Data excerpts
***

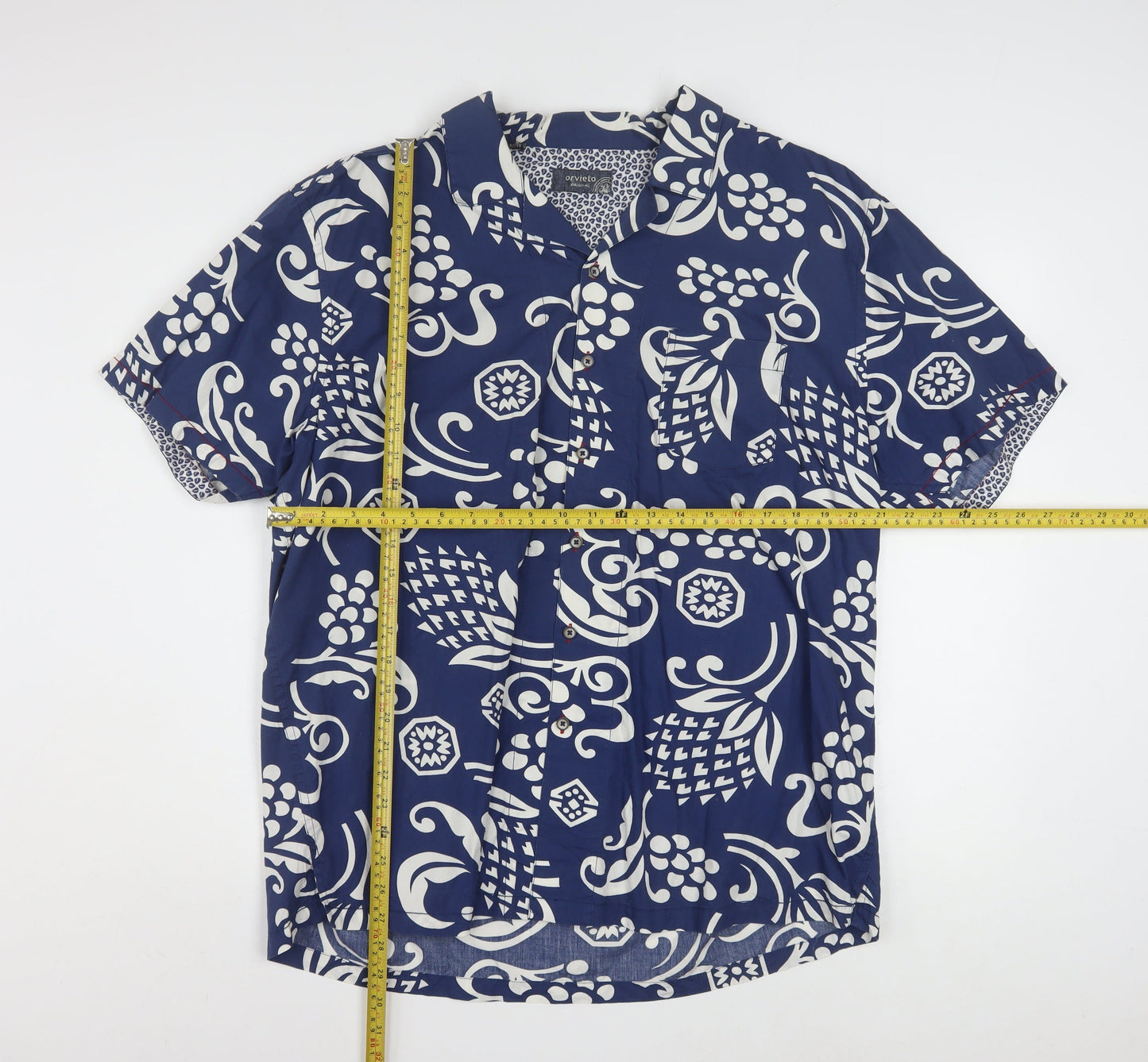 Orvieto Original Men Blue 2XL Short Sleeve Hawaiian Cotton Shirt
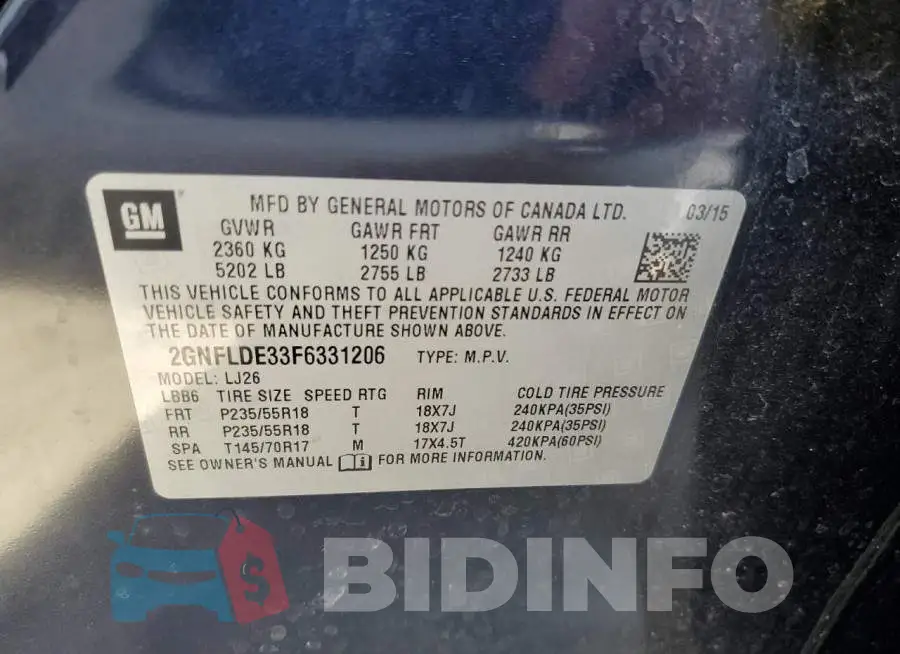 2GNFLDE33F6331206 Photo# 13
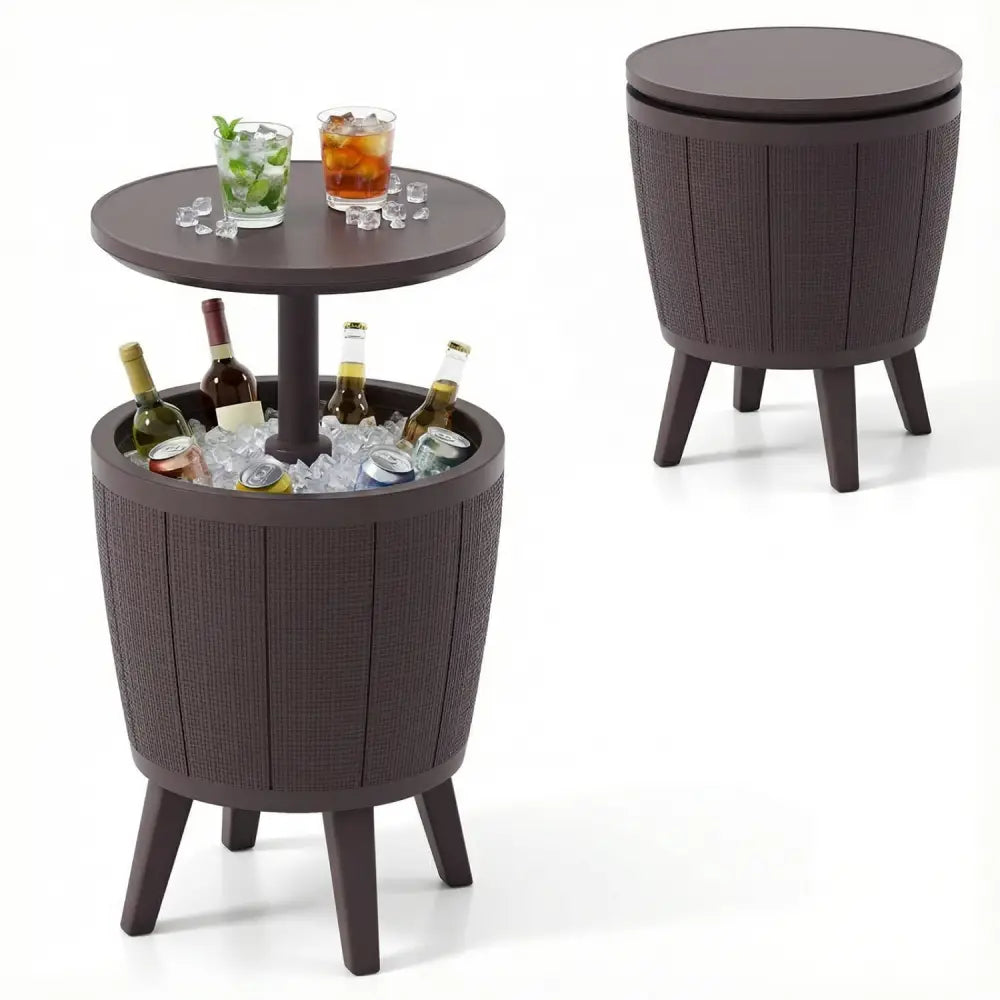 10 Gallon Beer and Wine Cooler with Lift-Top and Drainage Plug-Brown - Brown - Coolers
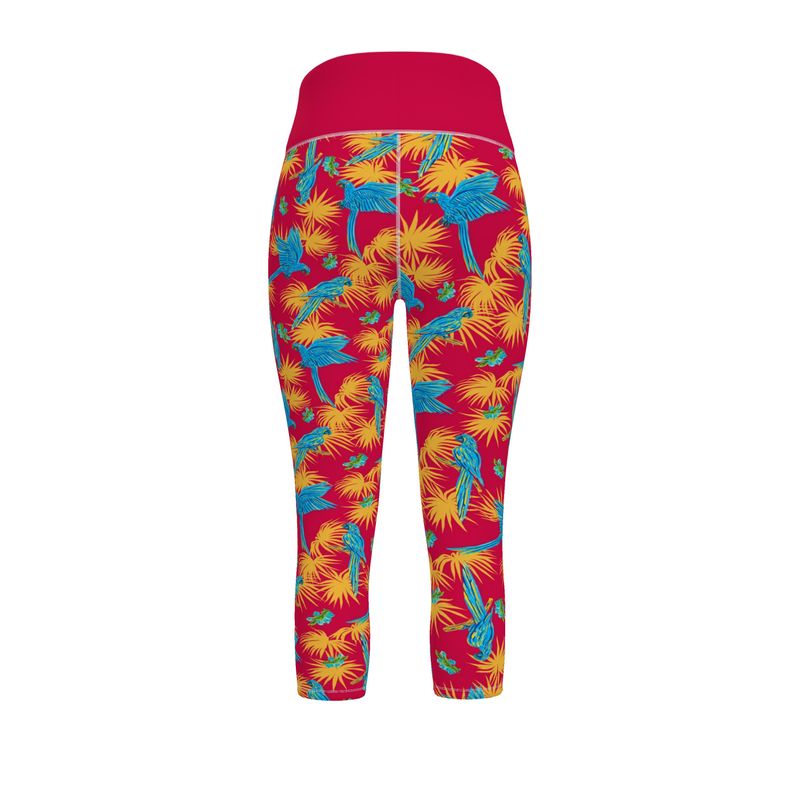Women's High-Waist Sports Leggings -Tropical Macaw - Raspberry Red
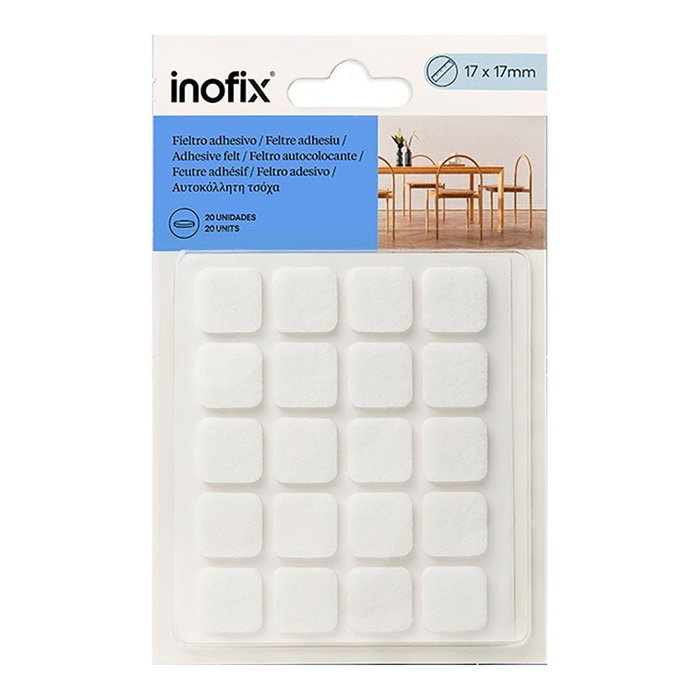 Inofix Plasfix Fieltro Adhesivo Blanco 17x17 mm 20 Uds Blister
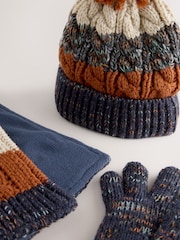 Navy Blue/Rust Orange Hat Scarf & Gloves Set 3 Piece (3-16yrs) - Image 4 of 4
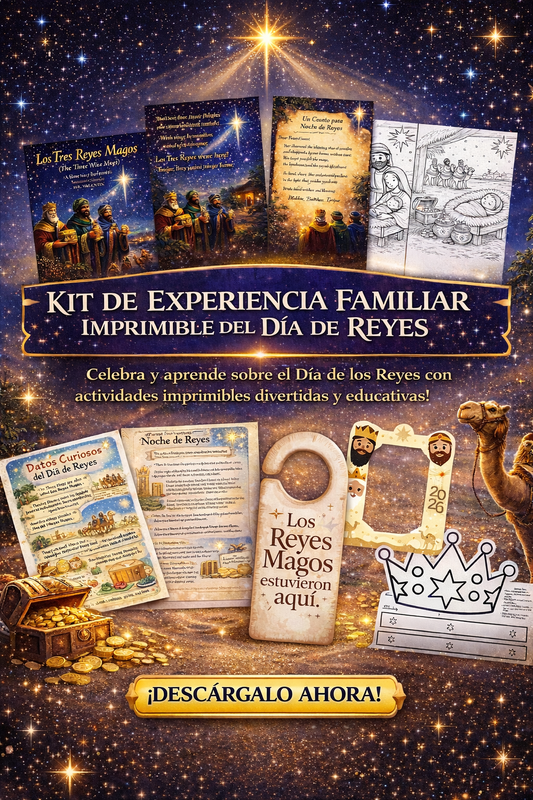Kit Imprimible de Tradición del Día de Reyes | Historia, Actividades y Recuerdos Familiares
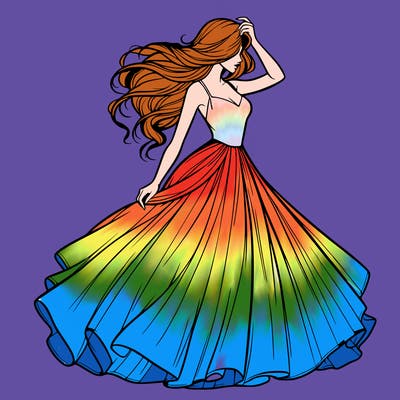 realistic woman with dress flowing in the wind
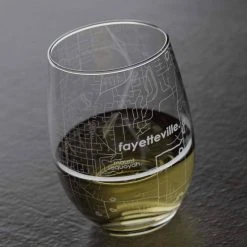 Well Told Fayetteville AR Map Stemless Wine Glass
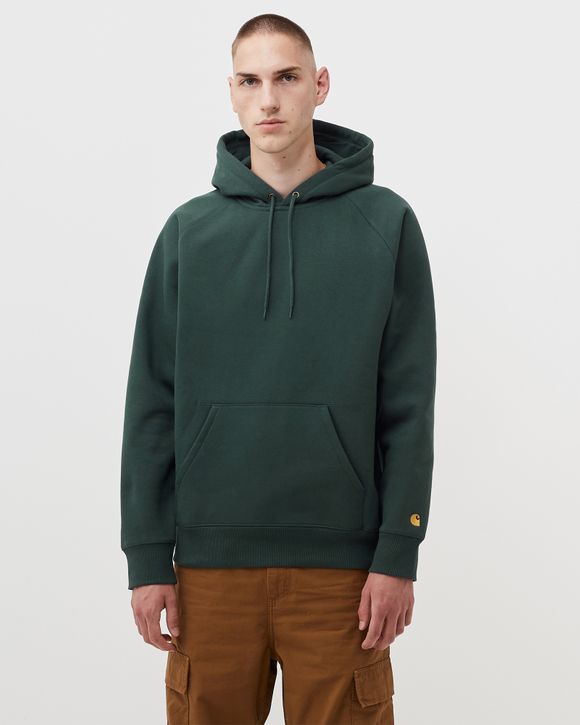 Carhartt WIP Hooded Chase Sweat Green - JUNIPER / GOLD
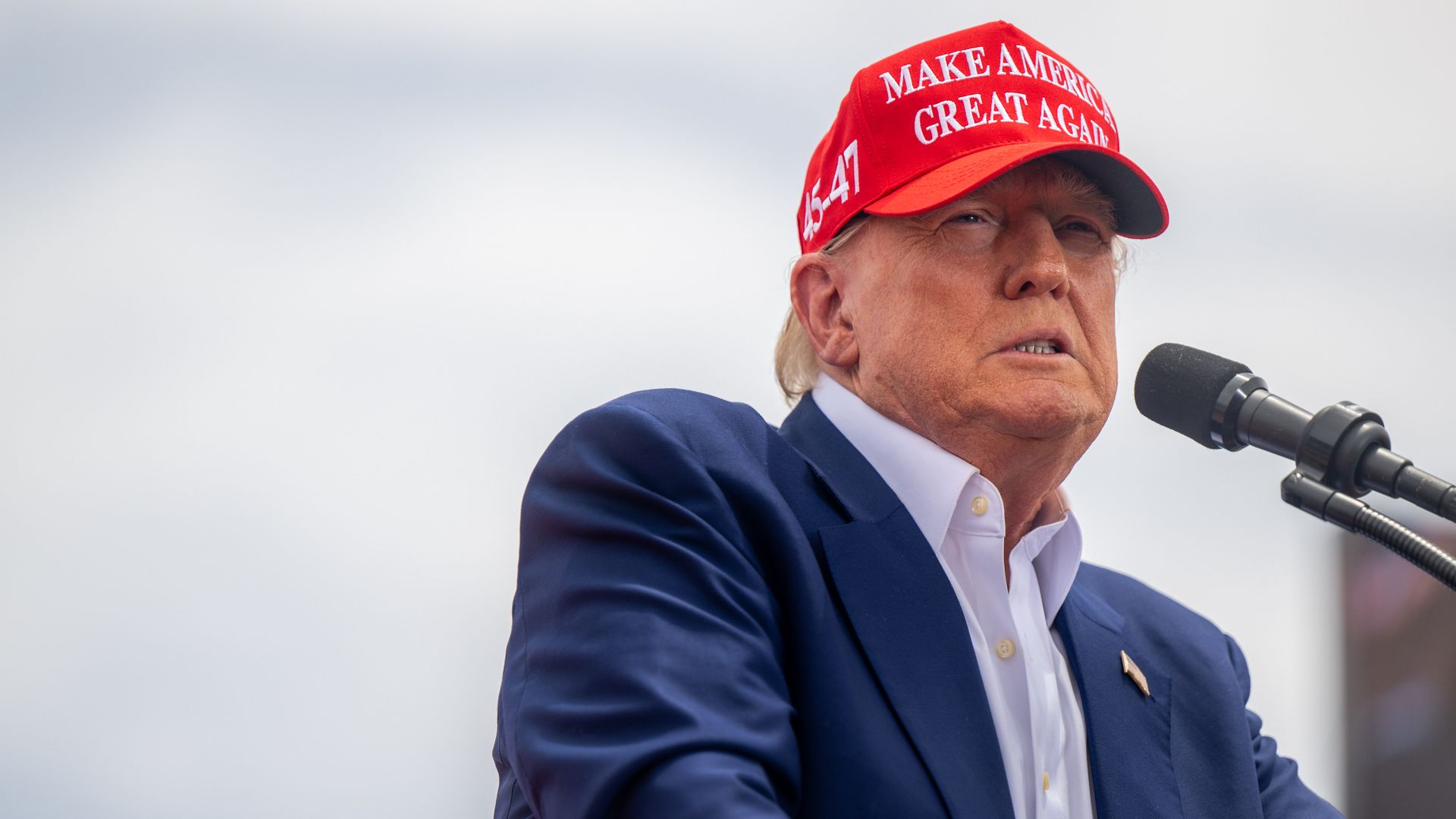 Republican presidential candidate, former U.S. President Donald Trump speaks during his campaign rally at Sunset Park on June 09, 2024 in Las Vegas, Nevada.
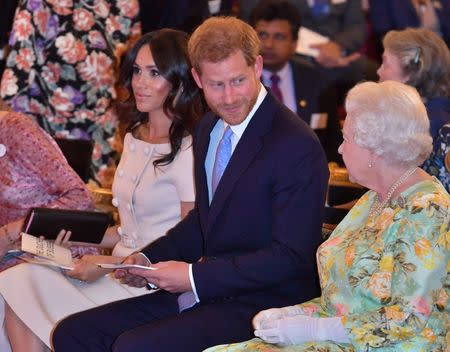 Britain's Queen Elizabeth, Prince Harry and Meghan, the Duchess of Sussex pose for a picture with some of Queen's Young Leaders at a Buckingham Palace reception following the final Queen's Young Leaders Awards Ceremony, in London, Britain June 26, 2018. John Stillwell/Pool via Reuters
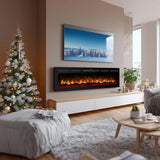 60" Infrared Smart Electric Fireplace Alexa/Google Compatible, Remote& App Control Multicolor Flame w/Dimmer, Wall-Mounted& Recessed WiFi Enabled Fireplace Heater w/Crackling Sound& Thermostat, 1500W Dreamflame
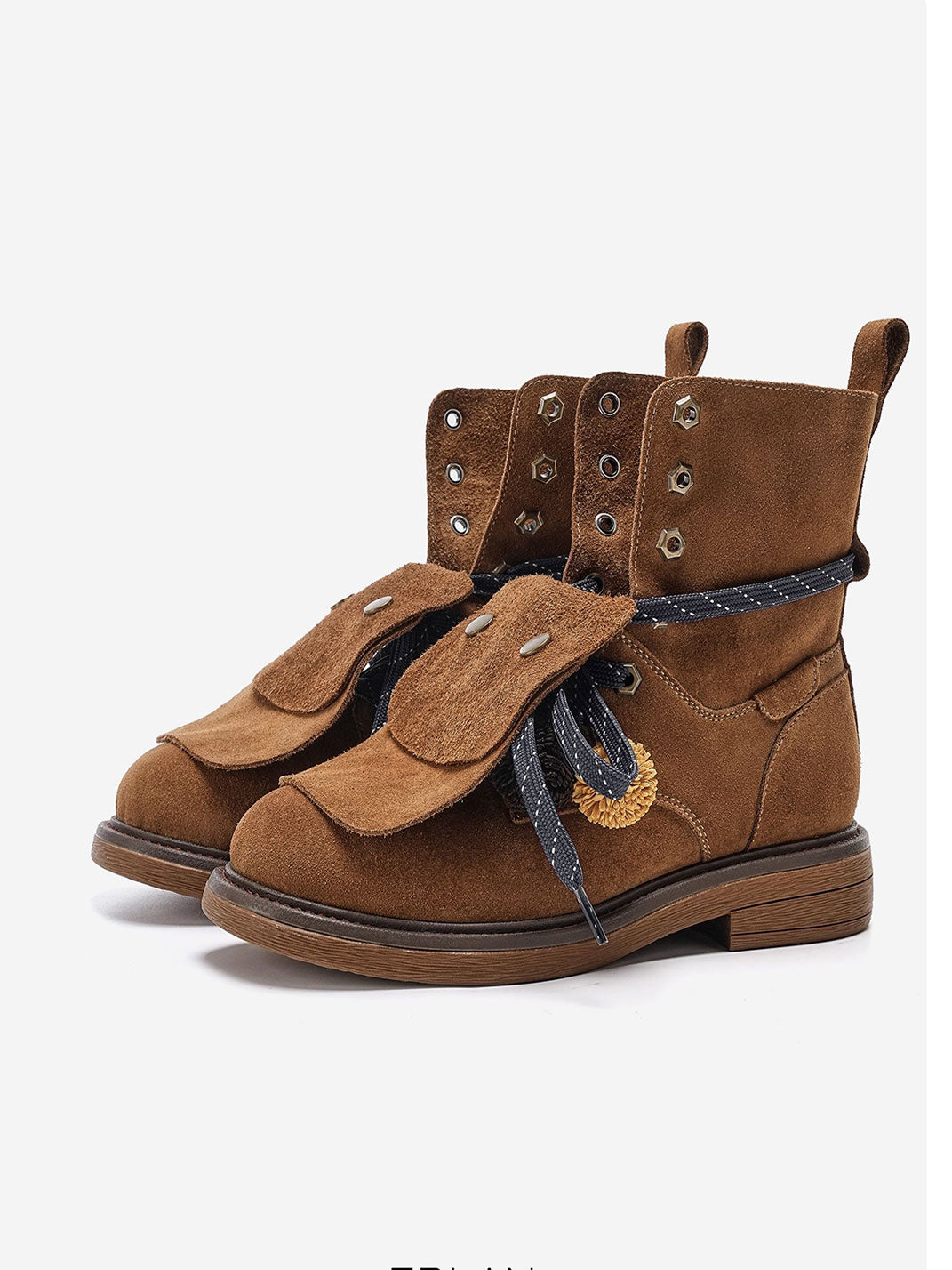 Tassel-Flap Suede Lace-Up Ankle Boots - View 4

***

• **YOUR GOAL**: Print, exactly, each line above from the one with "Kit Imprimible de" to the one with "Republican presidential candidate, former", end lines included. Leave pictures out of it.

• **RESPONSE BOX**:
Kit Imprimible de Tradición del Día de Reyes | Historia, Actividades y Recuerdos Familiares
 realistic woman with dress flowing in the wind
 Well Told Fayetteville AR Map Stemless Wine Glass
 Carhartt WIP Hooded Chase Sweat Green - JUNIPER / GOLD
 Republican presidential candidate, former U.S. President Donald Trump speaks during his campaign rally at Sunset Park on June 09, 2024 in Las Vegas, Nevada.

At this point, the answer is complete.